Più di recente, nel 2017, i tre ricercatori statunitensi Jeffrey C. Hall, Michael Rosbash e Michael W. Young hanno vinto il premio Nobel per la medicina per le loro scoperte sui “ritmi circadiani”, l’orologio interno degli esseri viventi. I loro studi hanno spiegato come le piante, gli esseri umani e gli altri animali adattano i ritmi biologici per essere sincronizzati con un giorno solare: tra le altre cose, il loro lavoro è stato fondamentale per capire la causa di alcuni tumori e come massimizzare l’efficacia di alcuni farmaci somministrandoli in determinati orari. Tutto però era cominciato tra gli anni Settanta e Ottanta, dall’osservazione del corredo genetico dei moscerini della frutta.

La storia della scienza dimostra continuamente che senza conoscenza non si possono trovare soluzioni.
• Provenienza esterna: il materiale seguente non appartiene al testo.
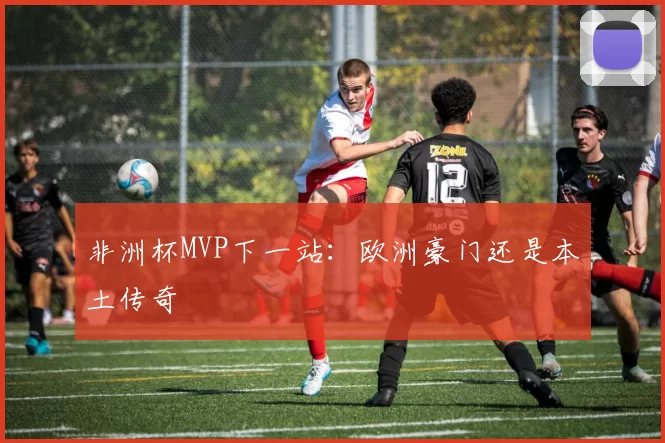 非洲杯MVP下一站：欧洲豪门还是本土传奇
D’altra parte, spiega sorridendo Di Fiore, «senza conoscenza noi saremmo veramente degli animali piuttosto scarsi».

Tra i vari oggetti dei suoi studi, il professore si sta occupando di capire i meccanismi tramite i quali le cellule staminali adulte, che sono le uniche in grado di ripopolare gli organi, possono diventare cellule staminali del cancro, che sono fondamentalmente quelle che lo alimentano: «Capendo questi meccanismi potremmo anche cercare di capire come è possibile colpire selettivamente le cellule staminali del cancro per sterilizzare il tumore».

L’efficacia della ricerca sul cancro in tutte le sue fasi, a partire da quella di base, è dimostrata da un dato, spiega Di Fiore: negli ultimi 20 anni c’è stato ogni anno l’1,5 per cento di mortalità in meno a causa dei tumori, significa circa il 30 per cento in più di guarigioni rispetto a 20 anni fa. «Oggi noi curiamo poco più della metà dei tumori», conclude Di Fiore, «se mantenessimo il miglioramento dell’1,5 per cento all’anno, tra altri vent’anni potremo essere ragionevolmente all’80 per cento di guarigioni. All’inizio del Novecento si guariva da un tumore solo nel 4 per cento dei casi».